Kazakhstan will spend more than 214 billion tenge between 2026 and 2028 to expand water-saving technology in agriculture, as the government steps up efforts to protect yields in one of Central Asia’s most water-stressed regions.
The Ministry of Water Resources and Irrigation confirmed the new measures, which raise reimbursement levels for drilling wells and purchasing water-efficient equipment from 50% to 80%.
A further 13.5 billion tenge is allocated to subsidise irrigation water, with support now linked directly to the use of water-efficient systems.
Why It Matters
Kazakhstan is a key producer of onions, carrots, potatoes, melons and grains — all categories that influence regional supermarket supply.
The new programme signals deeper reform across the irrigation network.

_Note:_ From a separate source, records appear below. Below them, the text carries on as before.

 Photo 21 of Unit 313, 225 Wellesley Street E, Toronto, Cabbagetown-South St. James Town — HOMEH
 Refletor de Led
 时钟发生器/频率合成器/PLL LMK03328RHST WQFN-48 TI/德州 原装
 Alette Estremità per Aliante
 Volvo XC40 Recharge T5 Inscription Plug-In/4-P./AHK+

A water code adopted earlier this year strengthens penalties for unauthorised use and restricts economic activity around water bodies and protected buffer zones.
The measures sit alongside broader changes already underway.
In the last season, more than 158,000 hectares were equipped with modern irrigation systems, including drip and sprinkler technology, according to earlier government data. Field-levelling projects were also used to reduce water loss across irrigated land.
The introduction of irrigation condominiums — collective maintenance groups responsible for pipelines and drainage networks — is designed to cut repair costs for farmers and reduce infrastructure downtime.
Another rule allows construction of reservoirs up to 2 million cubic metres, helping farms store meltwater, rainwater and floodwater for use during peak demand.
For fresh produce buyers, the upgrades could reduce volatility in Kazakh onion, melon and vegetable supply over the next three to five years. More efficient irrigation typically stabilises yields, lowers per-hectare water costs and reduces crop-loss risk during dry periods.
It also connects to a wider shift in Central Asia. Countries across the region are pushing farmers toward water-efficient systems as climate pressure increases and river flows become less predictable.
Kazakhstan’s expanded subsidy package offers one of the strongest incentives in the area and may accelerate the transition faster than earlier programmes.
Source note: This story is based on official information published by the Ministry of Water Resources and Irrigation of Kazakhstan and reporting from eldala.kz.